-- DATASET SECTION --
------------------------------------
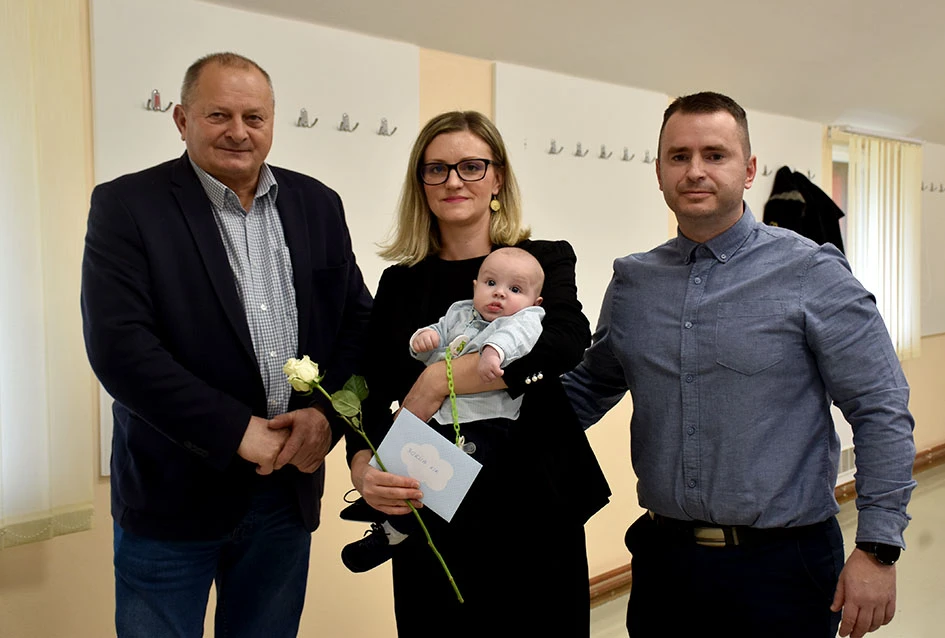 Općina Jakšić nastavila s podrškom obiteljima: Načelnik Kovačević i predsjednik Obradović uručili naknade za 28 novorođenih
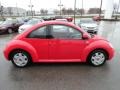Red Uni 2000 Volkswagen New Beetle GLX 1.8T Coupe Exterior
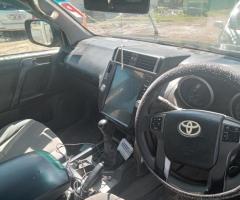 Toyota Parado - Image 3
------------------------------------
-- WHAT YOU WILL DO --
Repeat the material above in full and exactly, apart from the pictures.

-- RESPONSE BELOW --
 Općina Jakšić nastavila s podrškom obiteljima: Načelnik Kovačević i predsjednik Obradović uručili naknade za 28 novorođenih
Red Uni 2000 Volkswagen New Beetle GLX 1.8T Coupe Exterior
 Toyota Parado - Image 3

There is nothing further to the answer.